Вчера она отвезла мать на Иецанский погост, сегодня отца в богадельню. Было как-то странно: казалось, что умерли и похоронены оба. Еще более странным было то, что вчера, когда стояла у могилы Заренов, думала, будто там лежит частица чего-то родного. Все это непонятным образом совпало. Она вдруг почувствовала себя всеми оставленной и забытой, — дорога пустая, вокруг сплошная тьма. После богадельни на душе осталась гнетущая тяжесть, нужно думать о чем-то, глубоко и долго думать. Но мысли спутаны и придавлены, она только туже затянула повязанный вокруг плеч платок. Ей тепло под толстой суконной шалью, а вот матери смогла оставить лишь тоненький ситцевый платочек…
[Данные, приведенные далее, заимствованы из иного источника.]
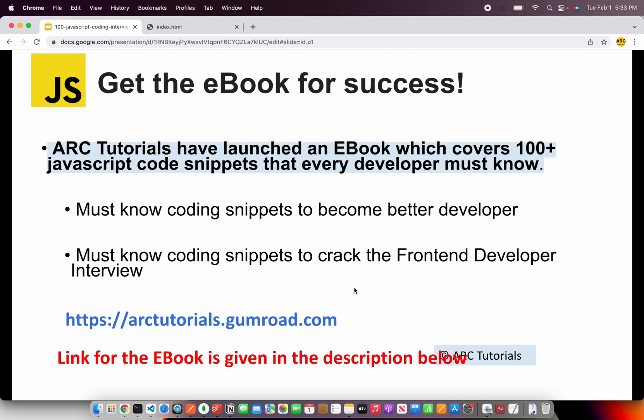Before I start coding, I'll request you to please check out the ebook I have launched. It covers 100 plus JavaScript code snippets that are used daily and will make you a better developer. These code snippets will also help you crack the frontend developer interviews. Please do check it out at arctutorials.com, arctutorials.gumroad.com.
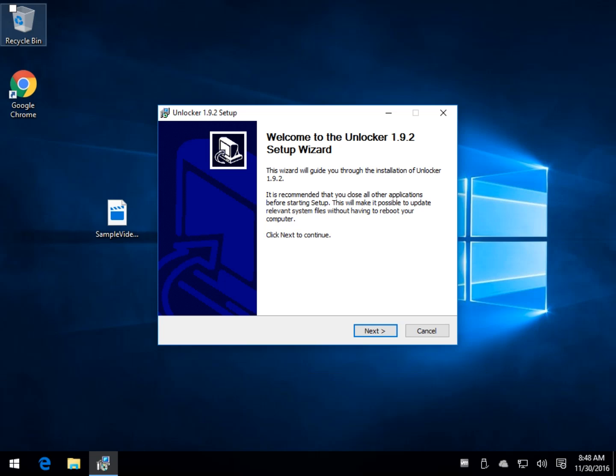Hey Geeks, Tim Tibbetts with MajorGeeks.com. Today we're going to take a look at Unlocker. We're going to look at a few things here.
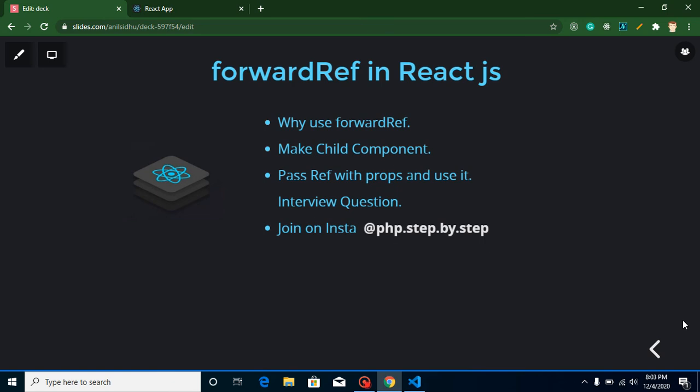Hi everyone, welcome back to my channel. My name is Anil and in this React.js video tutorial we will learn about forwardRef. ForwardRef is basically an advanced version of ref in React library. First of all, just look at these points, then we will move on to the theoretical part, practical part, and interview questions also.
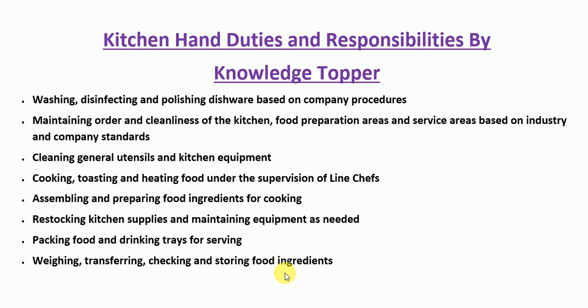Regarding experience, the kitchen hand position often has no experience requirement as it is an entry-level role. However, some employers prefer candidates who have experience in the hospitality and food businesses. Candidates who have worked in restaurants, fast food, commercial kitchens, or catering are ideal, as they often have experience with food preparation and sanitation.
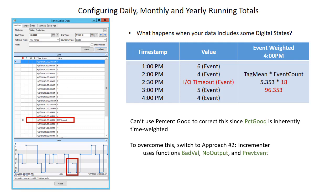We're going to use different functions for this one: badval, nooutput, and prevEvent. We're going to do the daily, monthly, and yearly running total this time since we're not doing a summary calculation. Instead, we're going to look at our previous result and add our current result to that previous result when we don't have a bad digital state. Let's hop on over into PSE and configure this second incrementer approach.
Переезд закрыт. Лиена постояла почти полчаса, смотря на занавешенное окно сторожки, в котором виднелся огонь, потом сошла с телеги и постучала кнутовищем по шлагбауму. Кугениек вышел в одной рубахе, в туфлях на босу ногу, осветил фонарем лицо Лиены и принялся ругаться:
— Эти нищенки, как заблудшие коровы, шляются по дорогам, ночью не дают покоя. Не могла подождать до десяти, когда подойдет ночной товарный цуг, — теперь просыпайся еще раз. Но терпится, дома в клети ждет жених, надо торопиться, как бы не удрал.
До самой лавки Миезиса все еще слышала Лиена его брань. Так грубо и незаслуженно еще никто ее не ругал. Привыкшая к тому, что мужчины всегда обходились с нею любезно, даже избалованная этим, она почувствовала себя как бы жестоко высеченной, облитой помоями.
Кугениека и его визгливую пьяную брань она понемногу забыла, но тяжесть еще сильнее давила грудь и плечи.
Хотя бы один прохожий повстречался на дороге! Лиена чувствовала себя бесконечно одинокой, ей чудилось, что она едет по каким-то чужим местам, все дальше и дальше от всего родного, в какую-то неизвестную пустоту и мрак, где ее ожидает что-то недоброе.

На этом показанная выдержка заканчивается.